The eternal question is of identity. Who are we, both as individuals and societies? The conventional answer is we are the sum of our experiences. Ignoring the old nature/nurture debate, lives are shaped by the choices we make and the consequences that affect us. An individual can have every conceivable genetic advantage but, if in a moment of drunken stupidity, our potential superman drives and crashes into a tree, every physical and intellectual advantage can be lost. Societies can also crash as selfishness and greed prevail over more altruistic policies to promote the common good. We only have to look around at the current debate over climate change. If everyone improved the efficiency of their homes and modified their behaviour to minimise emissions, the problem would be solved.
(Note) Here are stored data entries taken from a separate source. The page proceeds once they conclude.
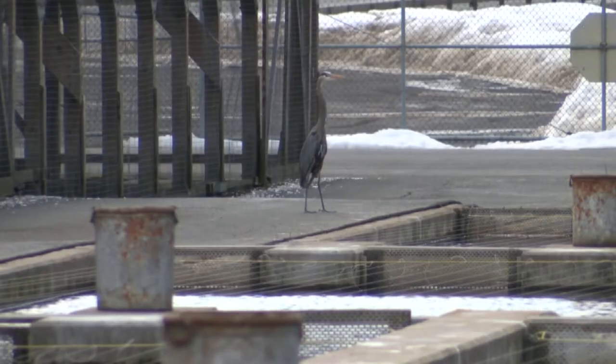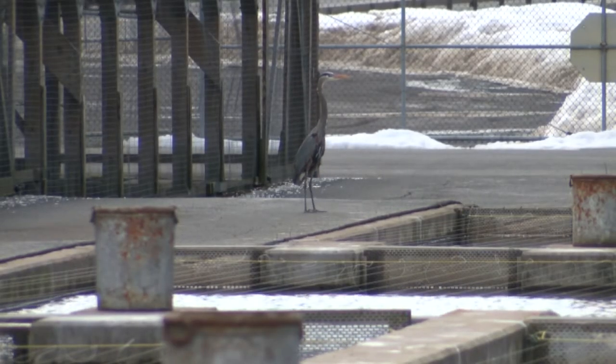The covered raceways also protect them from the ever-present blue herons looking for that happy meal. They'll come in here — you'll see 40 or 50 of them at a time — and they will eat hundreds of thousands of fish.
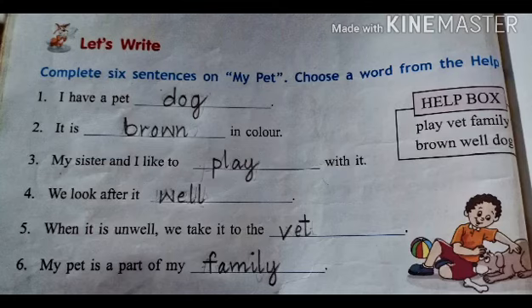Number 1: I have a pet dog. Number 2: It is brown in color. Number 3: My sister and I like to play with it. Number 4: We look after it well.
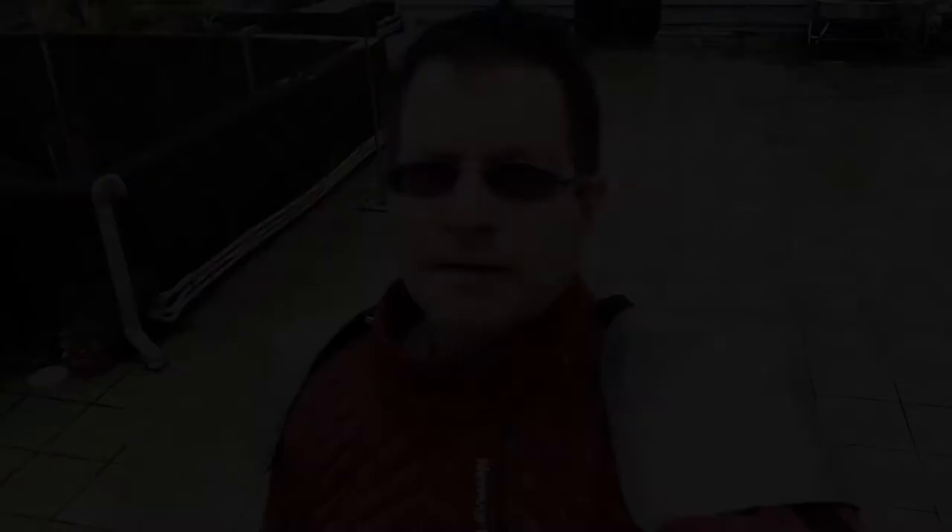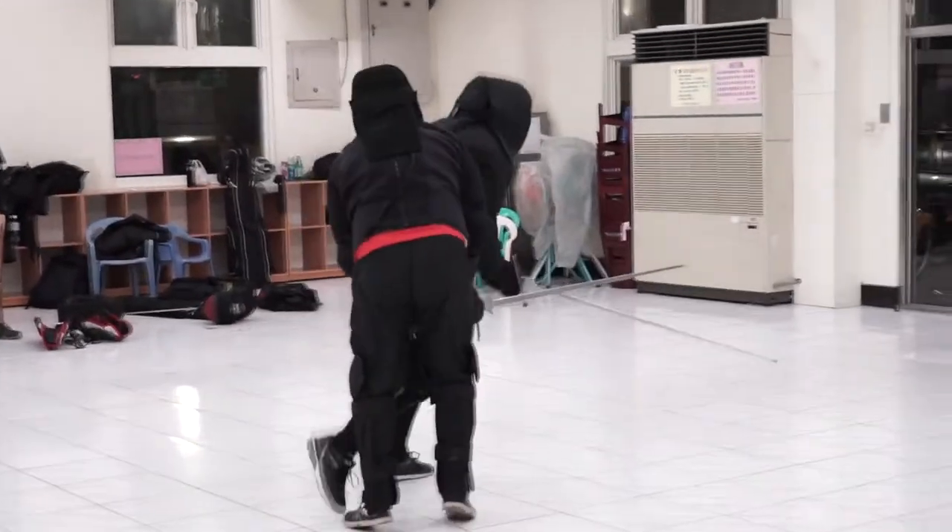I get hit in the front of the head. I get hit in the side of the head. And more often than I would like, I also get hit in the back of the head.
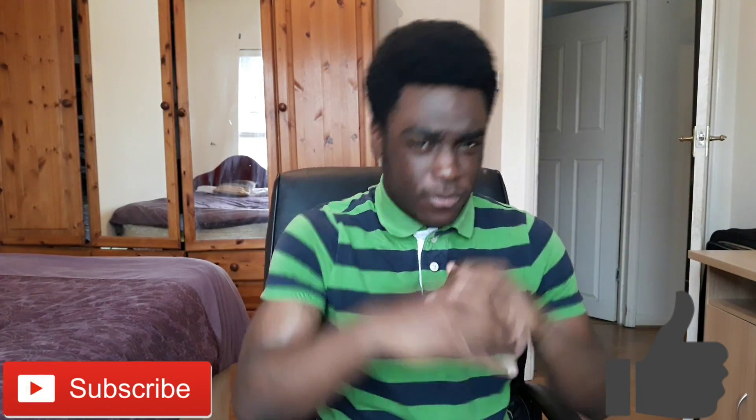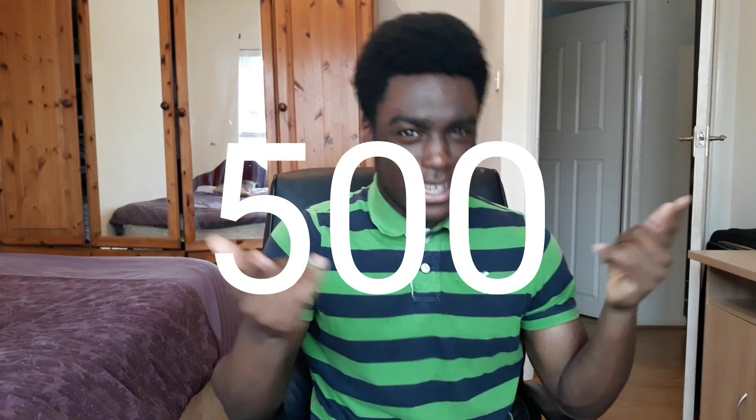Those are my five tips for GCSE Maths 9-1, Edexcel or any other exam board. I hope you guys liked this video. If you want to see more GCSE revision and tips on how to get good grades, make sure to smash that like button, subscribe and join me on my sixth form journey. Thank you so much for the support — we're almost at 500 subscribers. I'll catch you guys in my next video. Peace.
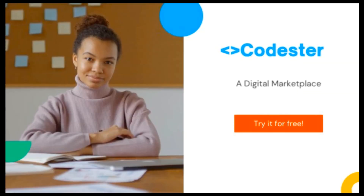Enter CodeStir. CodeStir is a platform where developers and designers can buy and sell various ready-to-use web development assets. Let's have a closer look at its features and advantages in detail.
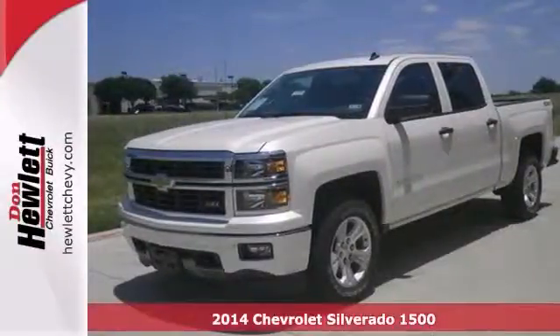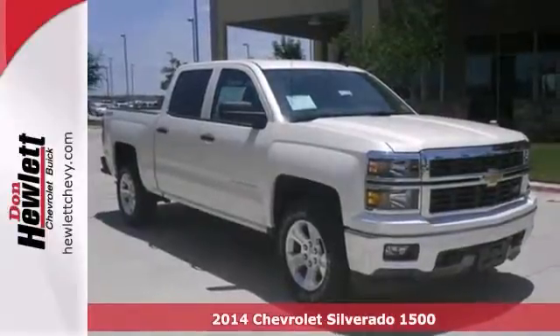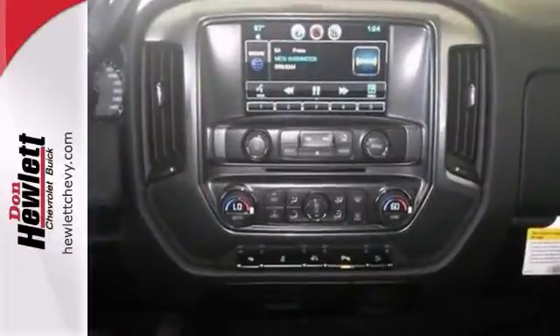If you're looking for reliability, this 2014 Chevrolet Silverado 1500 LT is the truck for you. When you get behind the wheel, you'll know it's time to get some work done.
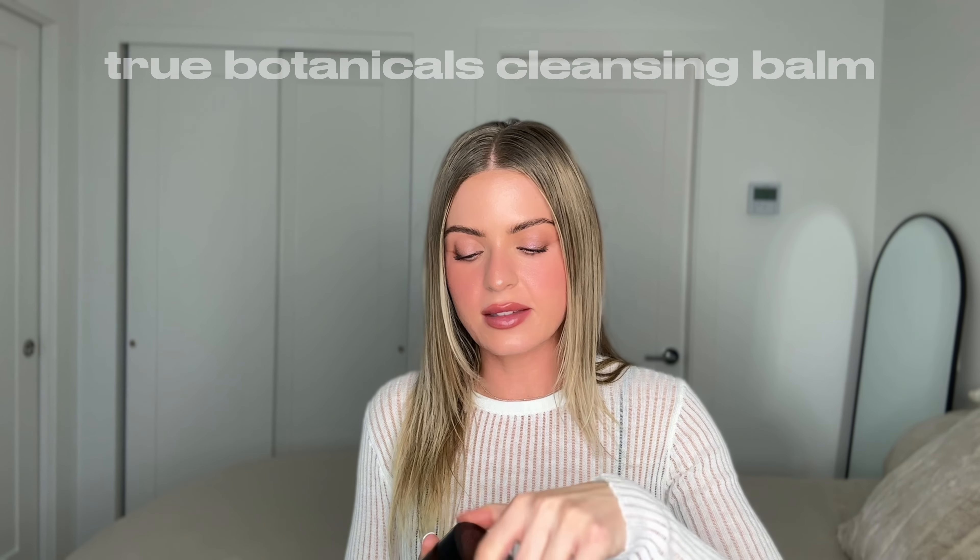The first part of cleansing that I think is so important is double cleansing. I don't necessarily double cleanse in the morning because my skin is clean and I don't have makeup on, so I just do single cleansing. But at nighttime every single day I do double cleanse. You can use a balm, a cream, or a milk cleanser. I'm using this balm from True Botanicals and I absolutely love it — my skin has been amazing since starting it.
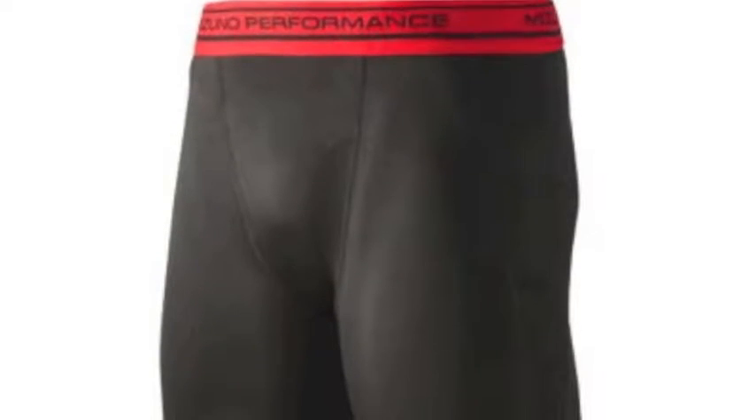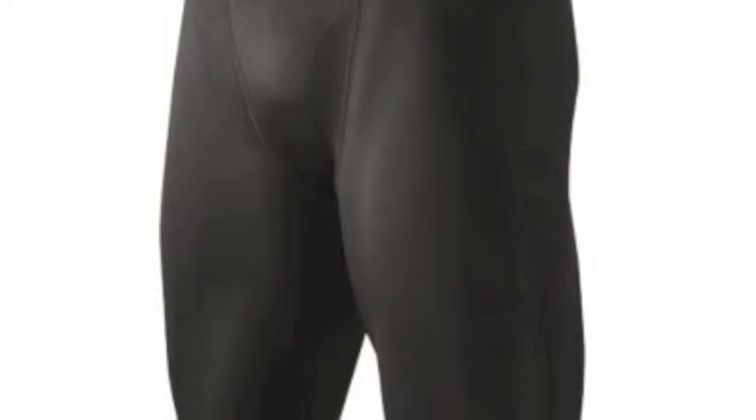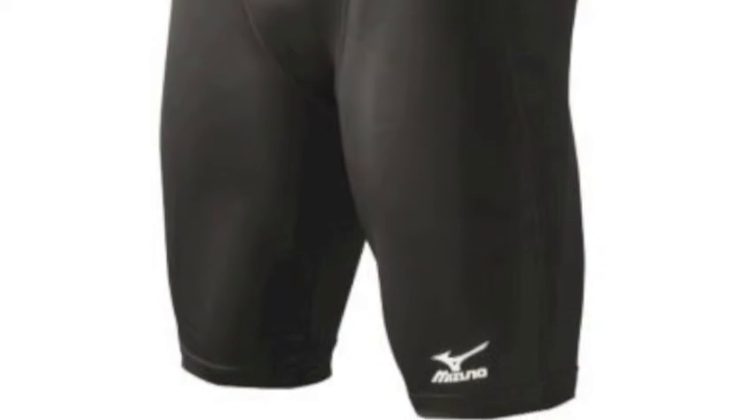The Mizuno Youth Elite Padded Sliding Short is made with 87% dry light polyester mesh with 13% spandex that's lightweight and soft to the touch.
But no-one wants to change unless they see the need in terms of their own benefit or are coerced into it. We may therefore be sleepwalking towards disaster. For those who like historical parallels, many of the theories to explain the collapse of the Mayan civilisation focus on the failure of agriculture to supply enough food to sustain the population. Yet, as the soil degraded, people kept on producing babies.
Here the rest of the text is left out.